Audio Over IP and the SIP Environment

Feature Articles

Audio Over IP and the SIP Environment

By TMCnet Special Guest
Johannes Rietschel
  |  September 01, 2011

This article originally appeared in the Sept. 2011 issue of INTERNET TELEPHONY

The network-everywhere methodology has infiltrated our lives. Most of us are attempting to negotiate a network connection at some point every day. This is the very nature of session initiation protocol, or SIP as we fondly know it, which primarily exists for the purpose of negotiating a voice or video connection between two or more points. 

SIP is best known in the business world for the simple purpose of signaling phone calls in the IP domain. What is perhaps less often understood is the fact that SIP has little to do with the audio transfer itself. SIP carries out the call set up negotiation between two or more devices that wish to be in contact at the initiation phase, signaling call events (transfer requests, for example) during the connection, and call termination. SIP does not play a role in the actual audio/video delivery.

In the SIP environment, audio carriage is almost always carried out using real-time protocol, with parameters and details being negotiated using SIP. The combined power of SIP and RTP can support VoIP as well video connections and audio contribution to studio environments. From this perspective, SIP provides a flexible architecture to enable device communication, mainly for point-to-point connections.

The role of audio over IP in the SIP universe can be quite interesting, and very useful for mixing applications such as paging and public address with phone integration and value-added services like background music and priority communications. Audio over IP goes beyond session initiation to network-based audio distribution. It can be connection-oriented or always present for unending audio streams.

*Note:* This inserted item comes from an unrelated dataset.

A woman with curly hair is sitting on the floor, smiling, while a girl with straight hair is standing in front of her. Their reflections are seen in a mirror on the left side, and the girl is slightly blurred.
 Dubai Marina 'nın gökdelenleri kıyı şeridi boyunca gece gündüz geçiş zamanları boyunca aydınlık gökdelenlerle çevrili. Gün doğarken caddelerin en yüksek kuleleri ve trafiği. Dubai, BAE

SIP experts are concerned about bridges, proxies and central servers, for the purpose of understanding how everything in the system talks to each other. This is instrumental in ensuring that temporary sessions are established via the protocol. Speaking strictly for voice, it is expected that SIP acts as the traffic cop for frequent connections, disconnections, busy signals and call re-routing. This is because phone systems must react to commands.

This is mostly not the case with audio over IP distribution.

Making Connections

Our company comes from the audio over IP space. In many cases, point-to-point connection initiation is trivial in our world: We switch on the send and receive devices to establish a connection, and switch them off when we wish to shut down the stream. The audio stream is configured, and audio is sent from one point to another. The sender is known, the receiver is known, with recognition of two valid IP addresses to support the connection. Quality of delivery may be higher rated than delay, especially when routing over the Internet.

Audio over IP distribution also fits well scenarios with delivery to multiple destination points. An office environment might want to have a paging console that can reach various groups, zones or buildings – while also supporting all-call scenarios. This is easily configured using an IP-based paging console, where voice and other audio (such as background music or music-on-hold services) can be streamed to multiple points.

Merging SIP and audio over IP in the office environment, or other multi-point scenarios such as hotels and retail settings, delivers a more powerful and comprehensive solution for communications. The integration of a SIP server into an audio over IP distribution network establishes a mediation point with central routing intelligence. This enables the system to recognize that a call is being targeted for a group, while also identifying destinations that are unable to accept such a request do to being busy, offline or otherwise unavailable.

On the other hand, adding dependency of a central server also has downsides. Call set up using a SIP server can be slow compared to direct streaming approaches.

Another strong point is that SIP can negotiate choice of codec within an audio over IP network. SIP devices typically allow negotiations of the intermittent codec used on a per-connection basis, chiefly because bandwidth may be more important than audio quality in telephone communications. In other cases, a communication partner may not support the standard codec used for most connections. Audio over IP devices are intended to transmit music of very high quality, intelligible announcements and other audio, such as tones and bells, that are quality-critical, and thus typically use different codecs than those used for VoIP/phone calls.

The session initiation protocol can automatically negotiate the use of a matching, VoIP-supported codec when SIP-capable devices are operating within the audio over IP domain. Although naturally inclined to use high-quality audio codecs, the SIP-enabled audio over IP device will accept 8kHz voice quality if that is what is provided by the VoIP system.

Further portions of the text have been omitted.